North Korea supplied coal to its neighbour to the south and Japan in the latest evidence of sanctions on the isolated state being thwarted, according to a report.
Western intelligence officials cited by Reuters said the North had repeatedly shipped coal to Russian ports, where it was unloaded and then passed along to South Korea and Japan.
Representatives of the Russian and Japanese foreign ministries did not respond to Reuters’ requests for comment, while South Korea’s foreign ministry said Seoul was “monitoring any sanctions-evading activities by North Korea”.
Global efforts to punish North Korean aggression with economic penalties have been undermined by some countries continuing to trade with the country, officials have warned.
The United Nations has imposed multiple rounds of sanctions in response to North Korea’s tests of increasingly sophisticated weaponry.
Commerce has allegedly flowed in both directions, with Reuters reporting last year that Russian vessels had sustained an economic “lifeline” to North Korea by supplying the country with fuel.

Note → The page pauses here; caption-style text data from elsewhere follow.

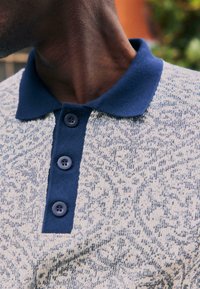 Gros plan sur une personne portant une chemise beige à motif avec un col bleu marine et trois boutons bleu marine sur la patte de boutonnage.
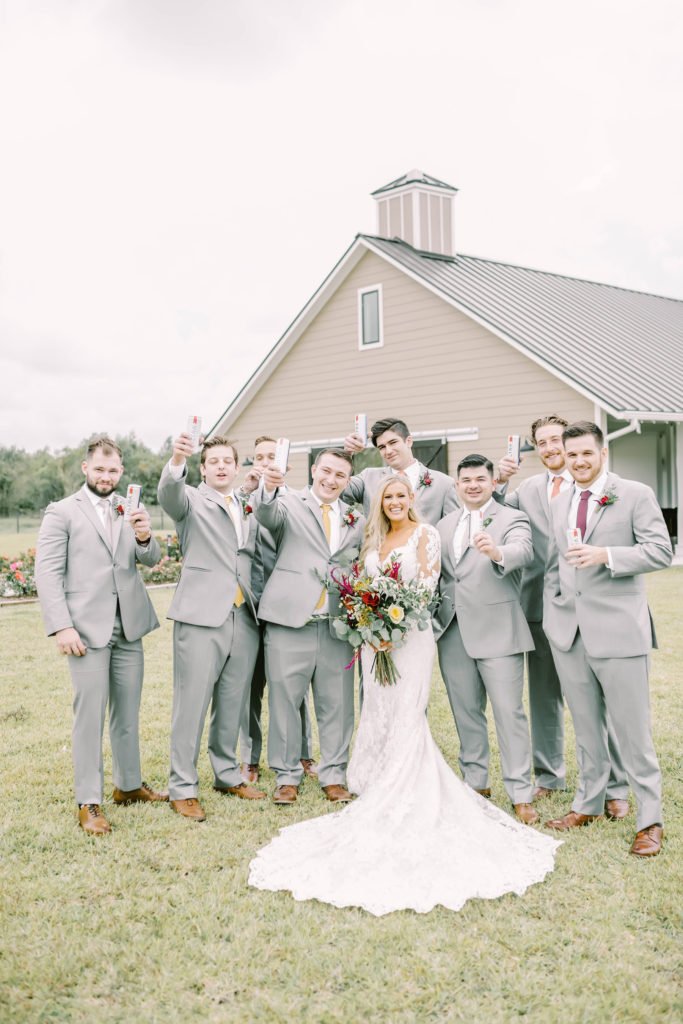 Groomsmen toast their beers as they surround the bride at a wedding in Texas by Christina Elliott Photography. groomsmen toast with bride Texas weddings #christinaelliottphotography #texasweddingphotographer #ranchwedding #countrychic
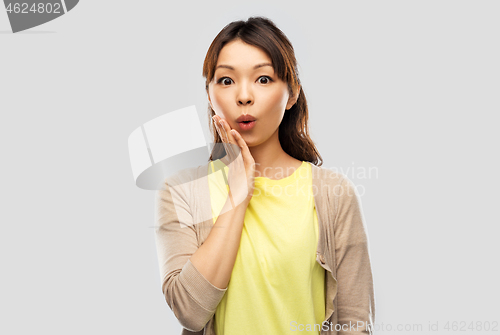 Image of surprised asian woman over grey background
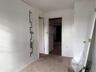 Hall featuring carpet floors and baseboards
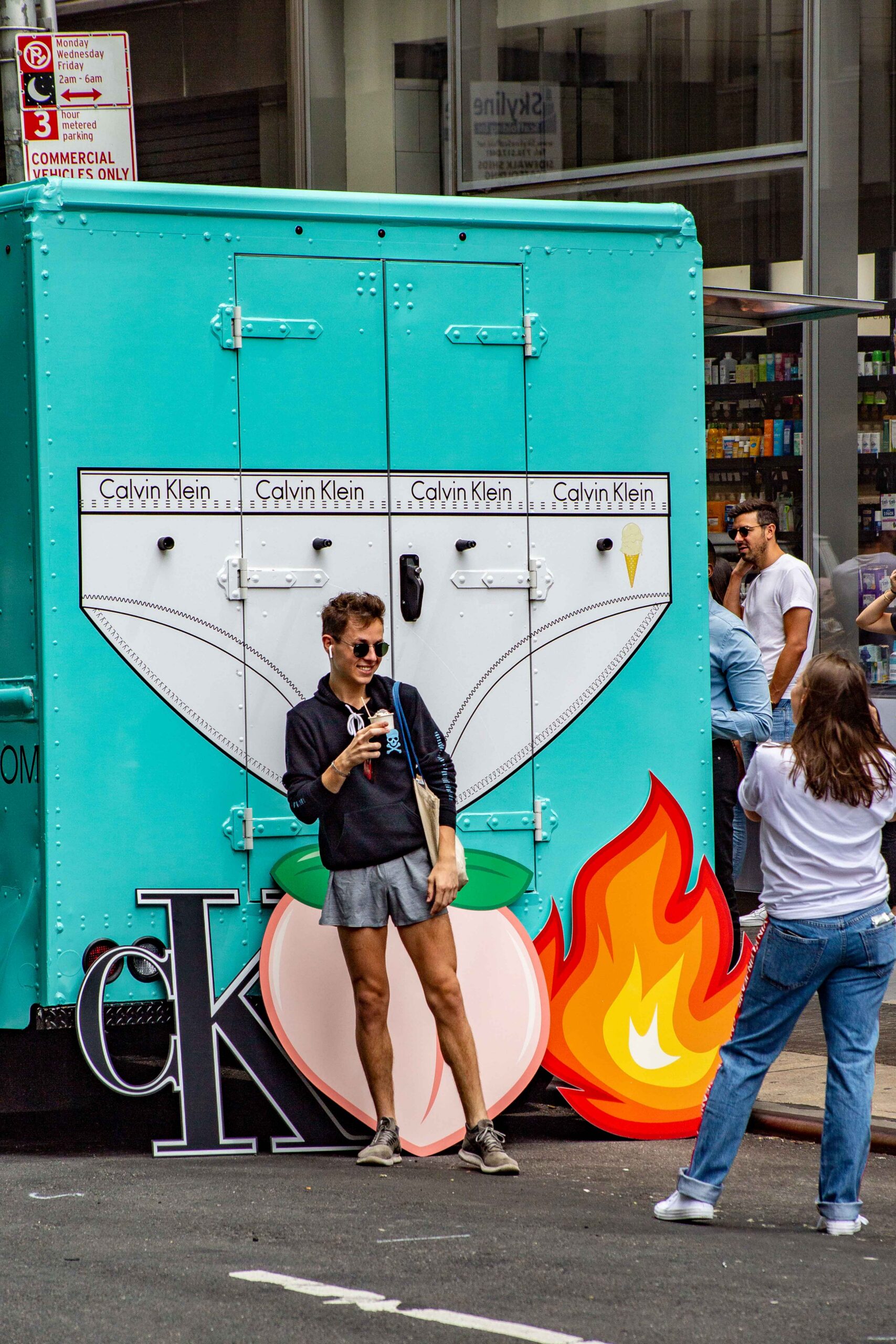 Person in sunglasses poses by Calvin Klein truck as another takes their photo on a city street.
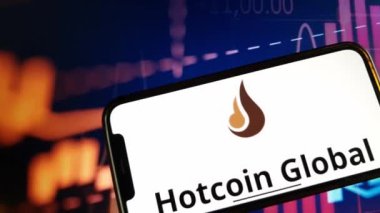 Konskie, Polonya - 05 Ocak 2024: Hotcoin Global kripto döviz logosu şifreleme pazarının arka planında akıllı telefonda gösterildi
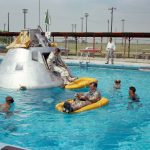 Prime crew members for the first manned Apollo 1 space flight practice water egress procedures in a swimming pool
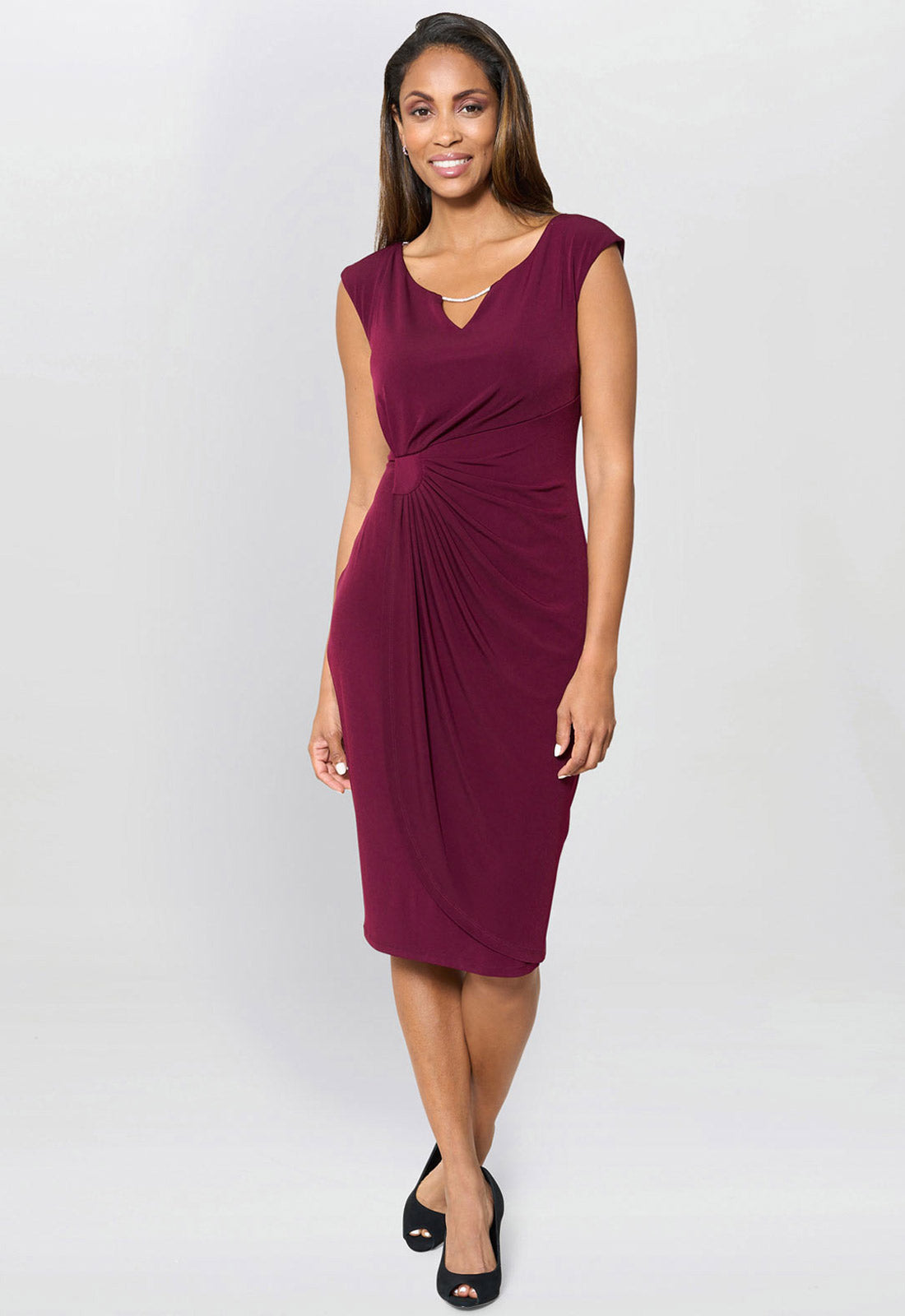 Woman wearing a burgundy dress on a white background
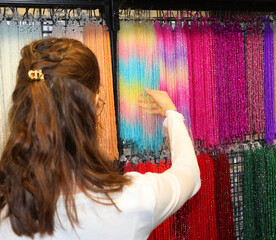 girl while choosing a red necklace of glass beads among many colorful necklaces in the shop - 785647253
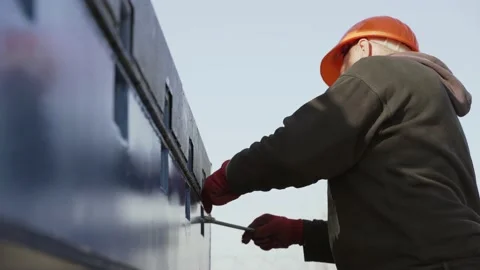 Worker fixes machine on a plant. Close-up Stock Footage 171371118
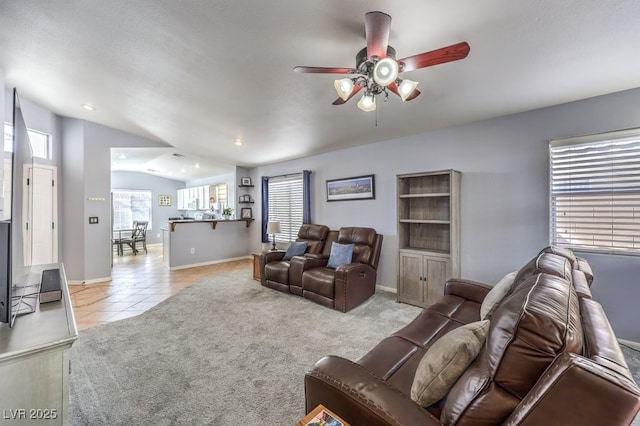 living room featuring lofted ceiling, light tile patterned flooring, light colored carpet, a ceiling fan, and baseboards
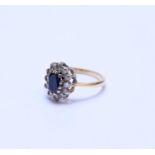 A yellow metal oval sapphire and diamond cluster ring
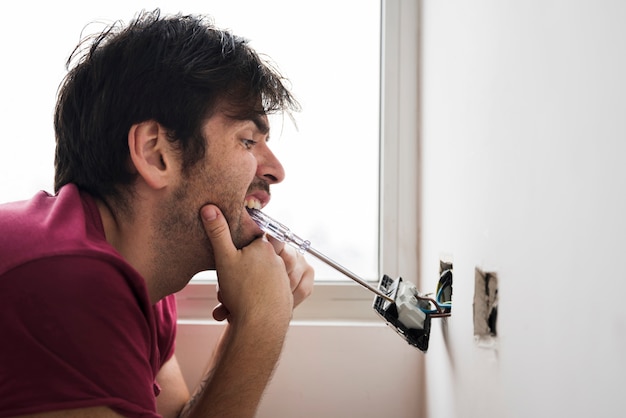 funny-electrician-installing-plug-with-screwdriver-carrying-mouth_23-2148087654.jpg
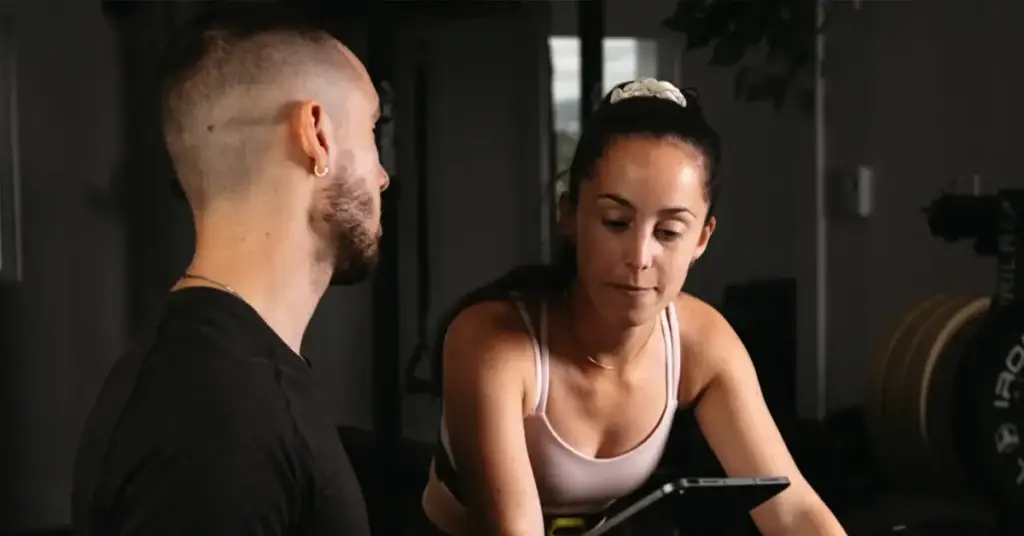 Émile Fortier, kinésiologue au Studio Sportif, en consultation avec une cliente sur tablette dans le studio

Speaking last year at a United Nations Security Council meeting, America’s ambassador to the UN, Nikki Haley, warned that some countries were “continuing to fund the North Korean nuclear programme”.
She referenced “reports of the regime continuing to smuggle coal into neighbouring Asian countries”, defying a ban on coal exports, and of North Korea “illegally obtaining refined petroleum” through ship-to-ship transfers.